Still “Call My Agent!” “Stillwater” director Tom McCarthy had nothing to do with the decision to cast Cottin. She had not yet seen the show when she met him. Rather, he hired him based on an audition that he said surprised him and his co-authors Thomas Bidegain and Noé Debré.

“You can’t take your eyes off her when she’s on screen,” he said in a recent interview from France. “A little messy, a little everywhere. He’s funny, self-deprecating, empathetic. He is difficult. He is honest. And after watching him in the editing room for a year and a half, I feel like every moment has been lived with him.”

For Cottin, open, nurturing, and always looking for something to fix, Virginie (like Damon’s Oklahoman bully) is almost the same as herself.

“Virgin is the closest character I’ve ever had to play,” she said, although it’s one of the few roles she’s played in English. “We have the same energy. And so far, I’ve mostly been counted as women with a lot more tension. A little more control.”

Cottin has an ease of disarming that is evident in the first intro and hides the icy overlay of “Call My Agent!”. character. He doesn’t take himself too seriously – McCarthy calls him “stupid” – and you quickly realize how great his comedic potential is. It’s a skill she showcases in her best-known French role, starring in the prank TV show “Connasse”, which means “bitch” in her native language. Including his exploits Scaling Kensington Palace In search of an introduction to Prince Harry.

“Call My Agent!” Producer Dominique Besnehard described Cottin in the role of Andrea as “beautiful, biting, brave” who is “very good at going from tough to brittle”.

According to Cottin, this is a character that he both appreciates and understands, yet still finds himself far from his own personality.

“I have much less reassurance than Andrea. He is more self-confident, good at strategic and decision-making.” “If I have to make a choice, it takes too long, always too long. And I’ll ask everyone’s opinion on this.”

Cottin isn’t absolutely sure about her career, but as an actress in her 40s, she’s more aware that the highs she’s experiencing today may not predict the heights she’ll see in the future.

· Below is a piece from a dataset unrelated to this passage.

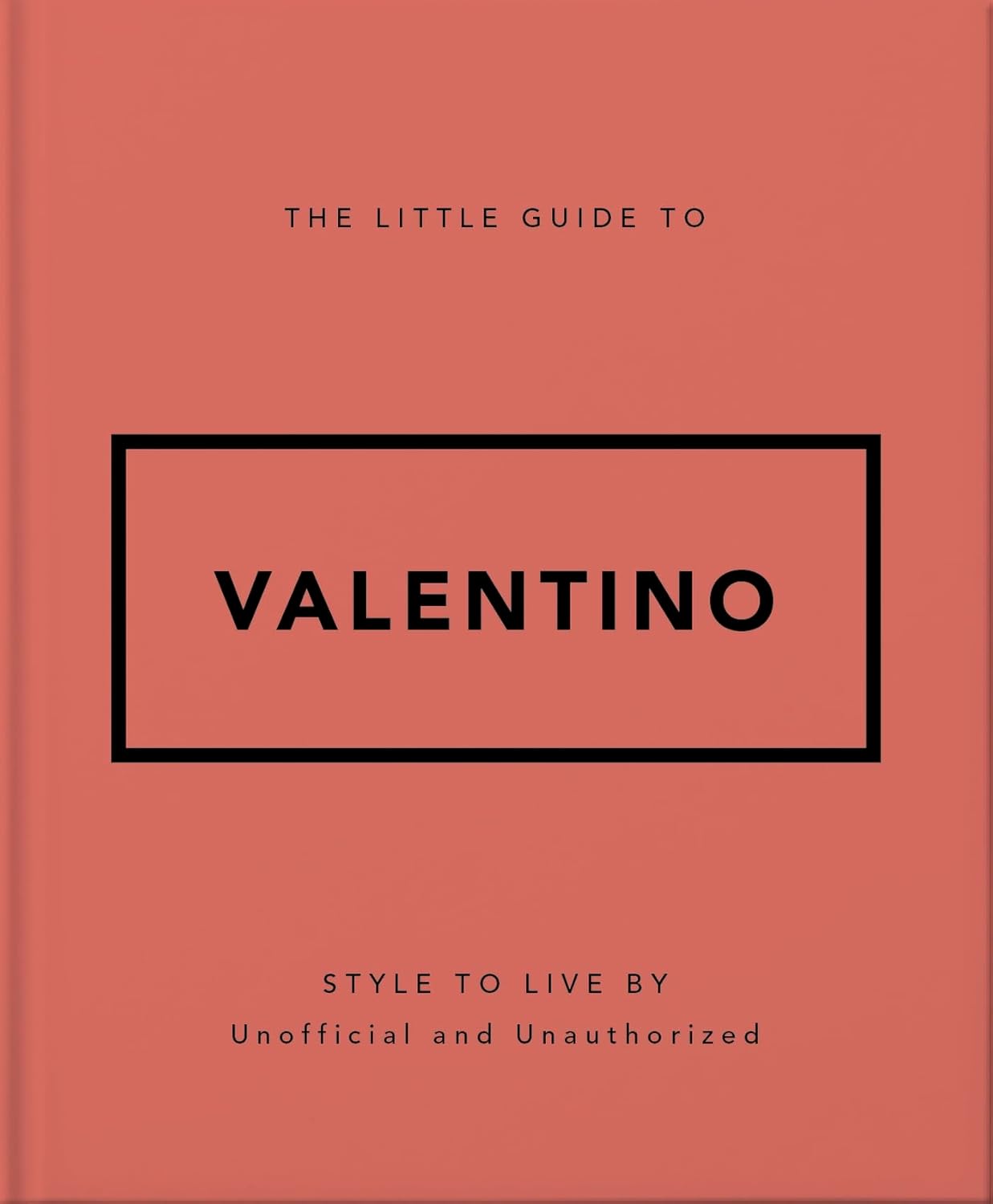 The Little Guide to Valentino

“Maybe if I was 20, I’d think, ‘Oh my god, maybe I’ll get an Oscar,'” he said, laughing in a sarcastic American accent. “It’s never vertical. You can take a step, think you’re going up, and then suddenly come down. Nothing is a straight line. I see these projects as trips, great trips. I can’t say, ‘Oh, I’ve done it now, I can tell what happens next’, because I don’t know. And that doesn’t mean it will happen again.”

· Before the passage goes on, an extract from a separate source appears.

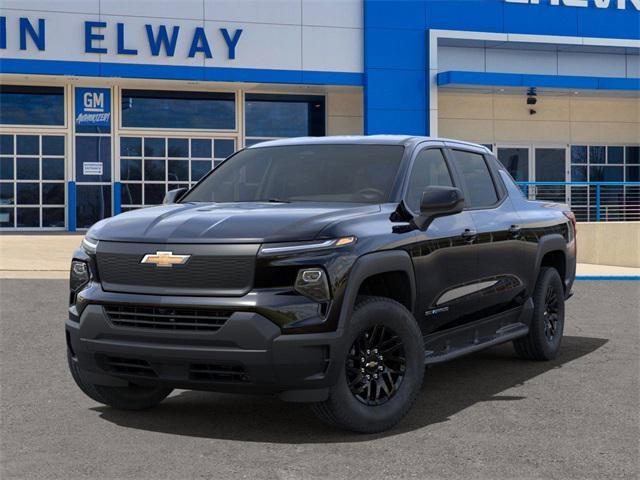 new 2024 Chevrolet Silverado EV car, priced at $72,599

Besnehard suggested that he could have a career like Binoche, with roles in both France and the United States. “I hope the American people don’t monopolize it,” he said.

McCarthy sees a much clearer trajectory.

“I’m predicting great things for Cami and it’s high time not just for our movie, which I think is sensational,” he said. “You can feel it when someone wins a moment in their career, gets a job, and is ready to take control.”





Source link

Leave a Reply

Your email address will not be published.